Visually this would look like:
Person 1: RGBY
Person 2: RG
Person 3: GB
Person 4: RB
Since the 3 colors red, green and blue are the only options for persons 2, 3 and 4, they are completely contained within these 3 people and they can therefore can all be eliminated from person 1, meaning person 1 must choose yellow. If person 1 were to choose anything but yellow, it would be impossible for the other people to choose their balls.

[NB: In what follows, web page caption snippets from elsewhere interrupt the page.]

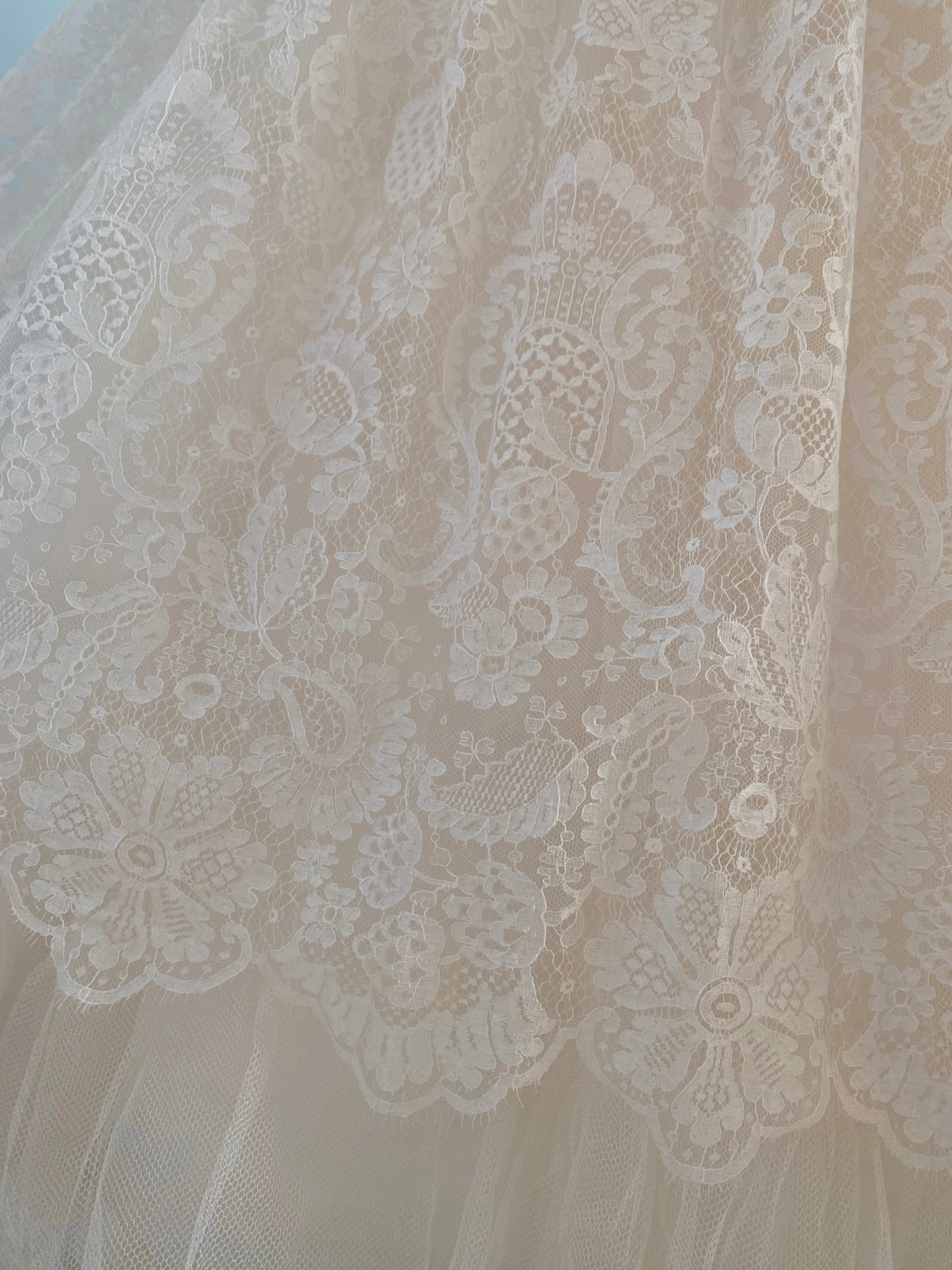 Breathtaking 1950's Chantilly Lace Wedding Dress In Blushing Ivory / Small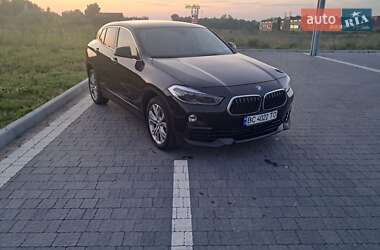 Внедорожник / Кроссовер BMW X2 2018 в 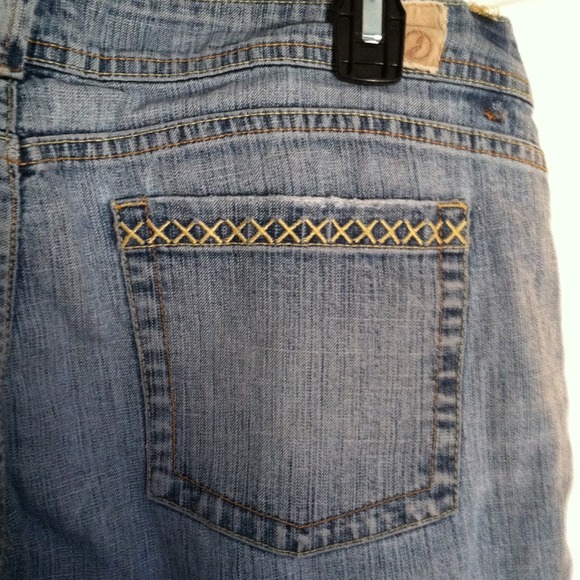 Cupries - Picture 3 of 3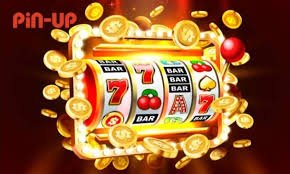 m7spin ဘင်ဂို ကစားသမားများ Live Bingo Room တွင် ဘင်ဂိုကတ်ကိုင်ကာ ကစားနေသောမြင်ကွင်း
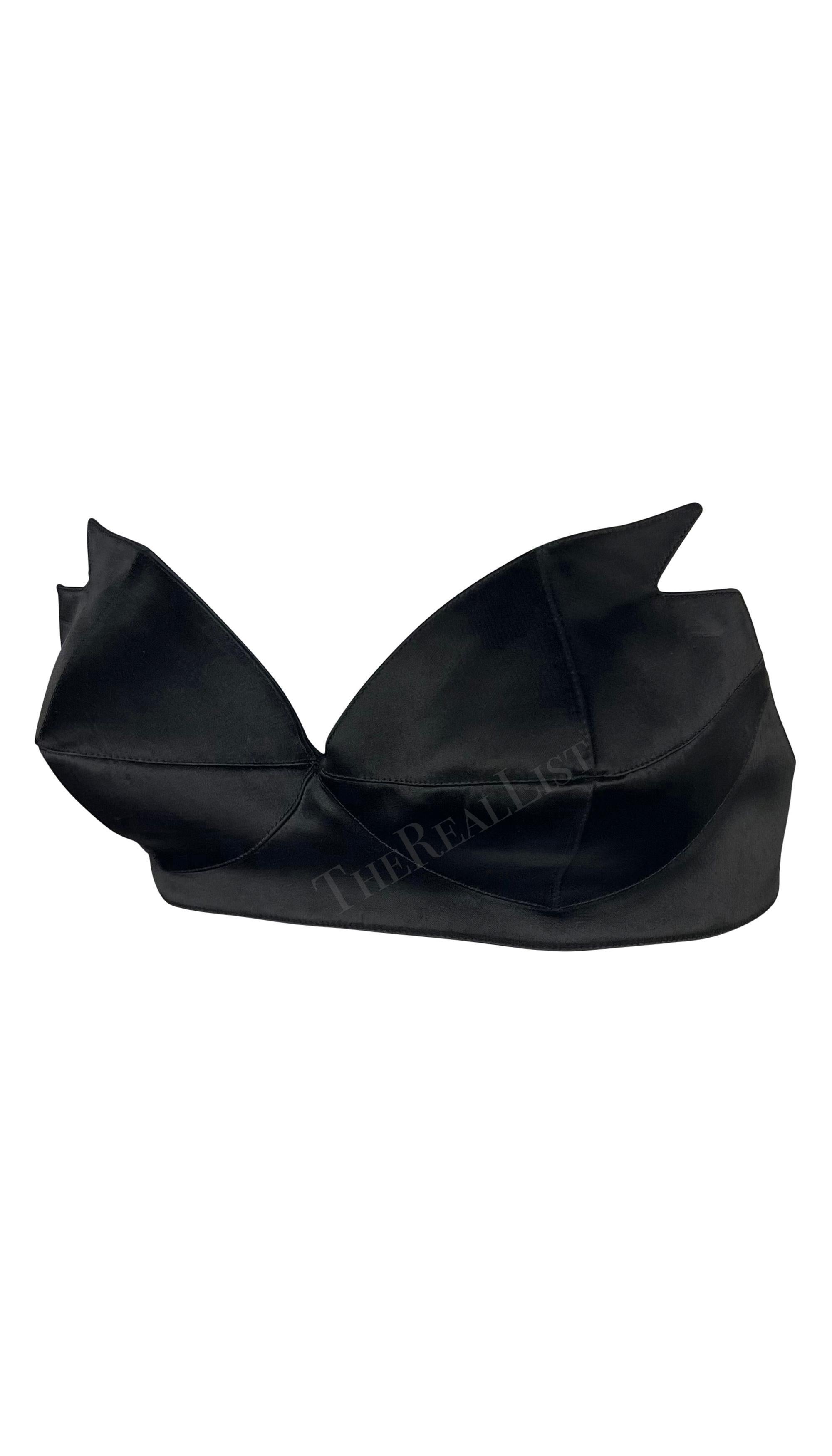Te presentamos un deslumbrante bralette puntiagudo Thierry Mugler de satén negro, diseñado por Manfred Mugler. De los años 80, este bralette está fabricado íntegramente en satén negro brillante. El bralette presenta un corte corazón dulce y se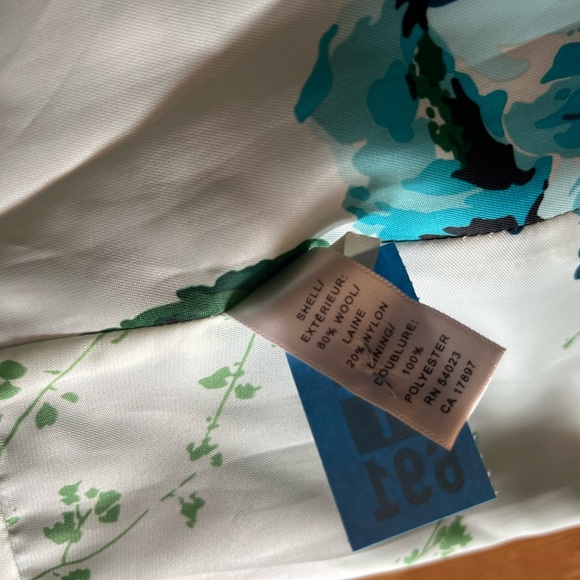 Beautiful coat - Picture 7 of 8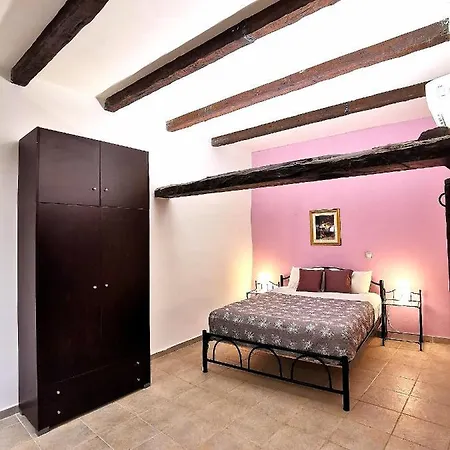 Pangalis Romantica *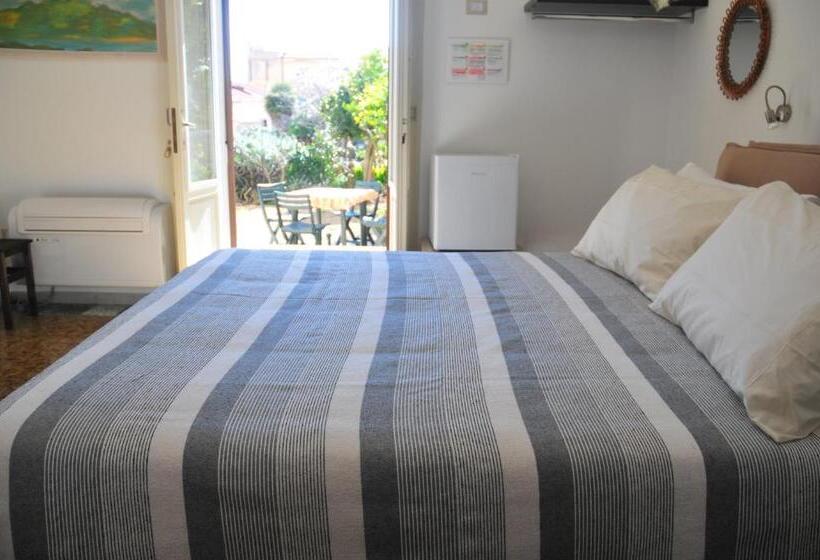 住宿加早餐  Il Giardino Di Tatiana Rooms & Breakfast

Putting it into my PHP program, I have these input values:
// The quantity of each ball
$balls = array(
'r' => 1,
'g' => 1,
'b' => 1,
'y' => 1,
);
// The options available for each person
$options = array(
array('r', 'g', 'b', 'y'),
array('r', 'g'),
array('r', 'b'),
array('b', 'g'),
);
However I can't think of how to loop through to find cases like this without iterating through every single possible combination of people. Any ideas how this could be done?